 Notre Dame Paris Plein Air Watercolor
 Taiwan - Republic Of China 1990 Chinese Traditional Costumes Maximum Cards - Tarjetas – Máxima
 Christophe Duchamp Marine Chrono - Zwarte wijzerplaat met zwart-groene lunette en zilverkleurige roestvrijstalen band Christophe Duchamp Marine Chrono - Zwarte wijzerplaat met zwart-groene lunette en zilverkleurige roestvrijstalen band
..........
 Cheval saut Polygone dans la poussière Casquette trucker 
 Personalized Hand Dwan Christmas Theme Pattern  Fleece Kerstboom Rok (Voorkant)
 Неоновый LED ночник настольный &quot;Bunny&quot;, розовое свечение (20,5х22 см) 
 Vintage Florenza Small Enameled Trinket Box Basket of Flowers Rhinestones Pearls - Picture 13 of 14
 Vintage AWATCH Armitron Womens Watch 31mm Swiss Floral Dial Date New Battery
..........
◆ Your task
Lines wanted from the listing above: the line with "Personalized Hand Dwan" up to and including the line with "Vintage Florenza Small". Please write them out exactly, adding nothing else.

◆ The answer
 Personalized Hand Dwan Christmas Theme Pattern  Fleece Kerstboom Rok (Voorkant)
 Неоновый LED ночник настольный &quot;Bunny&quot;, розовое свечение (20,5х22 см) 
 Vintage Florenza Small Enameled Trinket Box Basket of Flowers Rhinestones Pearls - Picture 13 of 14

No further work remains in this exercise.